Our hearts go out to all the people in Houston and south Texas for the almost unbelievable devastation that they have suffered. Some areas received a record setting 53 inches of rain. RMS, the world’s leading catastrophic risk-modeling company, puts the economic loss from Harvey as high as $90 billion.
Two 500-year floods have now occurred in Houston in the last 14 months. Looking at the broader picture, wildfires in the U.S. have been increasing over the last 20 years, and monetary losses from natural disasters have been steadily increasing. Even closer to home, we recently witnessed the record breaking fires of last fall in North Georgia and North Carolina.
Is this just our bad luck, or is this connected to climate change? I don’t think we can claim that Harvey was caused by climate change, but we can say that the atmosphere in which many natural disasters occur has fundamentally changed. The last three years have been progressively the hottest in recorded history, and the temperature now is over 1 degree C higher than it was 100 years ago.

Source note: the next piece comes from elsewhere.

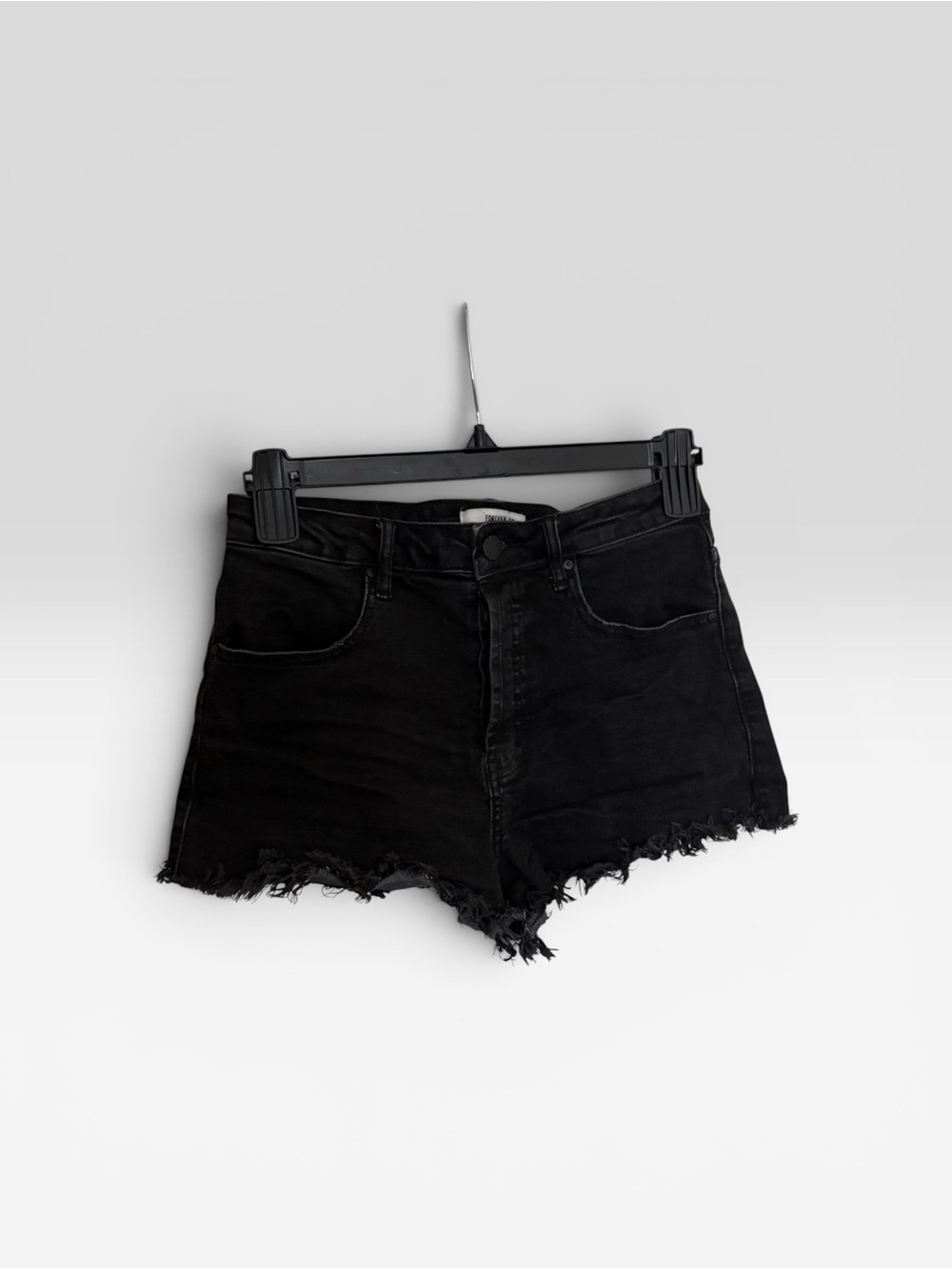 Forever 21 Black Frayed Denim Shorts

This all coincides with the highest CO2 levels of the last 400,000 years due to the burning of fossil fuels.
Warmer air holds more moisture, which causes more intense downpours. Hotter temperatures cause more intense storms, and the temperature in the Gulf of Mexico at the time of Harvey was about 7.2 degrees F above average. Hotter temperatures from climate change also cause more droughts interspersed with intense downpours. It is estimated that for every 1 degree C rise in temperature, we get a 50 percent increase in wildfires.

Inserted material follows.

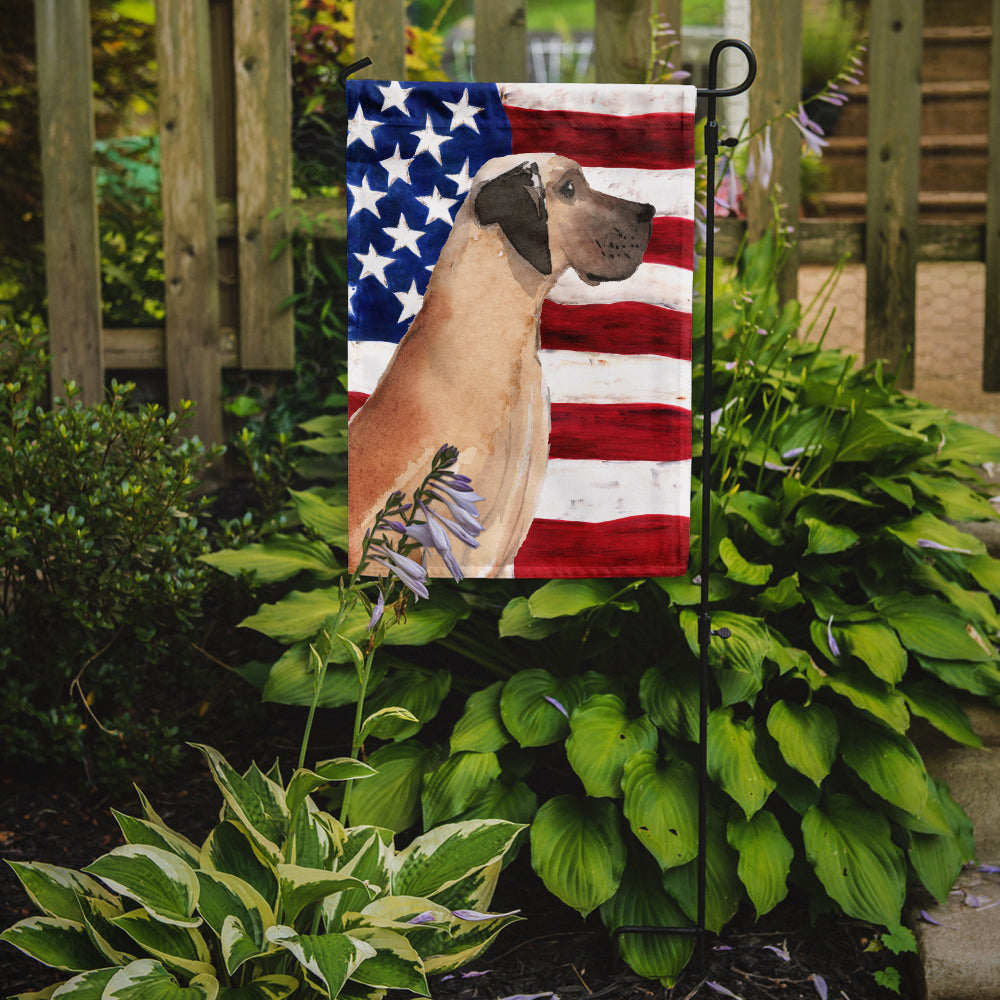 Fawn Natural Great Dane Patriotic Garden Flag Mailbox Decorative Yard Banner Outside Patio Artwork for Flower Beds, Garden Size, Multicolor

I hope and pray that we take notice of what is happening with our world, for predictions are that it will only get much worse as temperatures continue to rise. It is not too late. Now that solar and wind energy are more affordable, we can rather quickly switch away from fossil fuels. We now have to have the political will to do so and the courage to make the right moral decision. As evidenced from Harvey, we cannot afford not to act!